ETA’s document model
ETA keeps documents in an internal representation which can exist as a memory object or in persisted form. When the document model is persisted it is stored in a distributed way to support the rapid flexible search operations that are critical to ETA's performance.
The model permits storage of:
- the set of text blocks that together make up the text of the document - typically one text block per paragraph or table cell
- the document structure in the form of a tree of XHTML elements
- text references to entities within the text of the document - which have a span and may have other features, such as ‘first name’, ‘gender’, ‘latitude’ etc.
- document entities, each of which records the common identity being referred to in one or more text references - recognising for example that ‘Obama’ co-refers with ‘Barack Obama’
- connections between text references, such as relationship mentions, for example between entities in ‘John is the son of Mary’
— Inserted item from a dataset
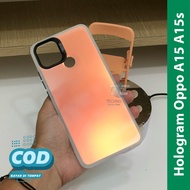 Case IMD HOLOGRAM For Oppo A15 Oppo A15s Casing AURORA UNTUK OPPO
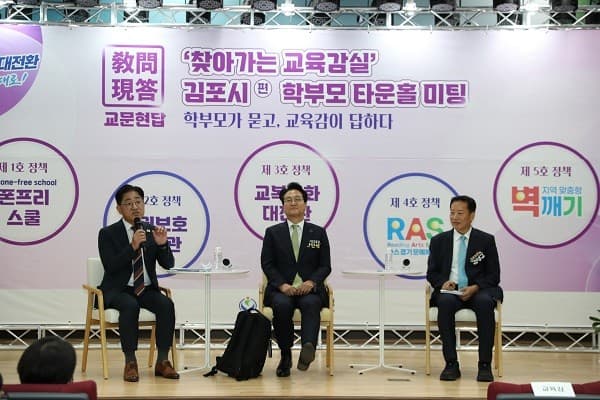 '찾아가는 교육감실' 김포서 과밀·통학 논의…13일 군포·의왕, 하남 일정은 미공개 대표 이미지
- relations, which comprise the set of connections that refer to the same underlying relationship between a group of entities and
- properties, which store information about any structural element, including the document itself; for example, document tags and metadata are document properties; properties are key-value pairs
A visual example of ETA's document model
To view examples of the document model, view the exported form of documents directly from ETA, for example, by clicking on the download icon in the document listing:
Note: Tag trees are not inherent to documents, they are merely a way of viewing the tags and text references in documents.